Aku menggesekkan kedua telapak tangan, kemudian mendekatkannya ke depan
bibir. Sial. Sepertinya tubuhku tidak begitu normal hari ini, dingin yang
kurasakan seperti menusuk-nusuk tulang. Beberapa detik aku berusaha
mengatasinya, salah satunya dengan merapatkan jaket. Tapi sejauh ini aku malah
semakin kedinginan. Tidak ada jalan lain, terserahlah apa respon wanita di
sampingku. Dengan tergesa-gesa aku membuka tas, mengeluarkan sebotol kecil
wine, kemudian menenggaknya hingga habis.
“Kenapa melihatku begitu?” tanyaku mendapati gadis itu melihatku tidak
berkedip.
Ia terkesiap, cepat-cepat mengalihkan perhatian ke layar ponselnya.
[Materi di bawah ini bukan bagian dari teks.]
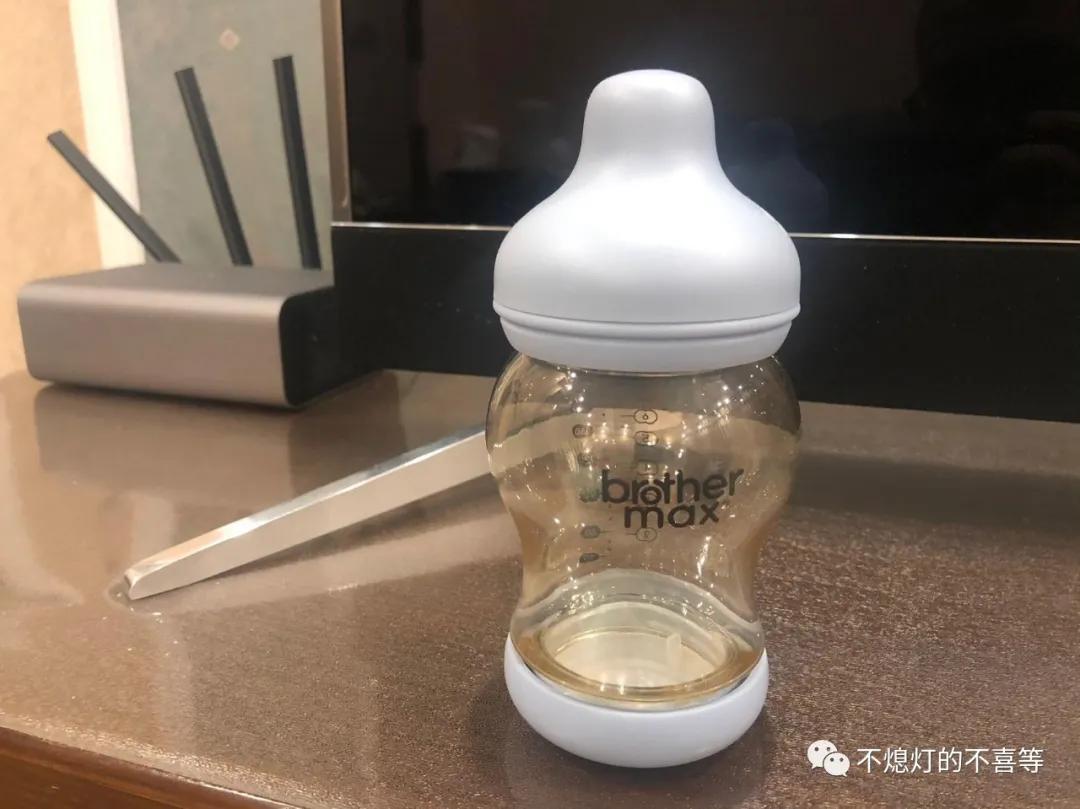 宝宝奶瓶育儿知识大全,育儿经验分享宝宝几个月会翻身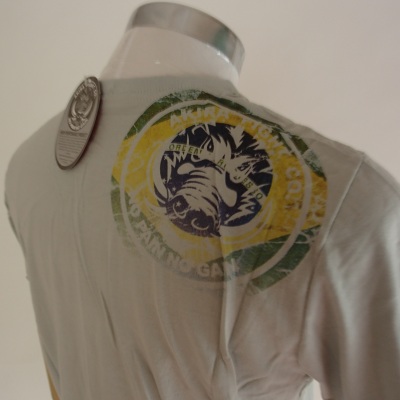 AKIRA ブラジルフラッグＴシャツ　グレー（裏アップ）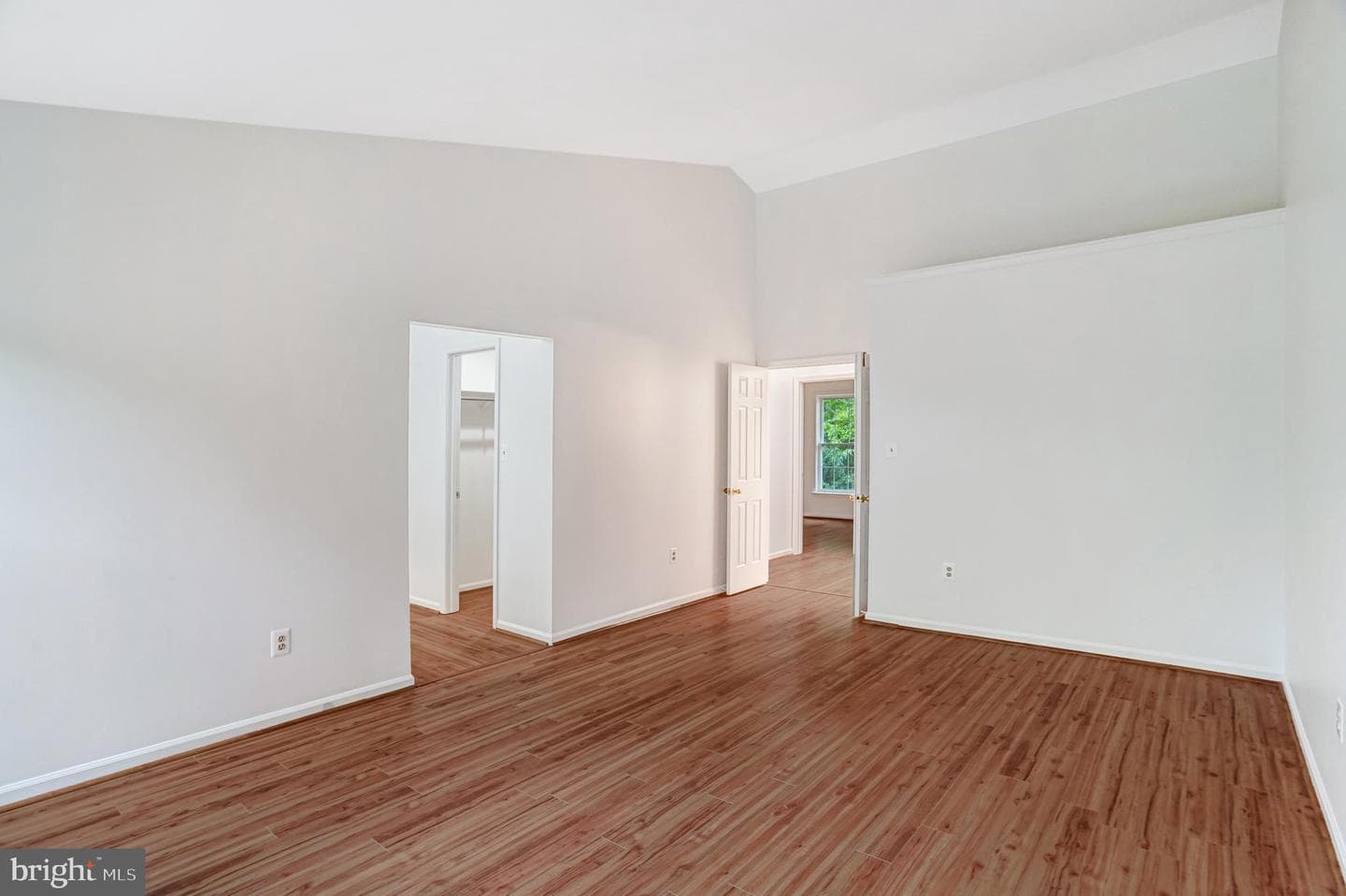 5910 Woodfield Estates Drive photo 16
“Kamu belum menjawab pertanyaanku.” Aku menggumam kecil, menutup kembali
botol wine yang telah kosong.
“Jawabanku tidak akan merubah apapun.” ucapnya lirih, masih menatap layar
ponselnya.
Dia benar. Kebiasaanku yang satu ini tidak mungkin bisa dirubah lagi.
Anggur sudah seperti seorang istri bagiku, yang tak mungkin sanggup
kutinggalkan. Jika disuruh memilih, apakah aku akan bertahan hidup dengan istri
seorang wanita atau anggur, tentu aku tidak akan berpikir apa-apa lagi, anggur
di atas segalanya. Kenikmatan wanita bisa kucari, tapi tanpa anggur, aku bisa
mati. Ibuku tidak tahu tentang kebiasaanku ini. Selama ini aku hanya minum
tanpa sepengetahuannya.
“Kamu membenci laki-laki peminum?”
“Belum pernah ada laki-laki peminum yang mendekatiku, jadi aku tidak tahu
apakah aku akan membencinya atau tidak.”
“Padaku?”
Pertanyaan singkat ini keluar begitu saja, tanpa bisa aku menahannya.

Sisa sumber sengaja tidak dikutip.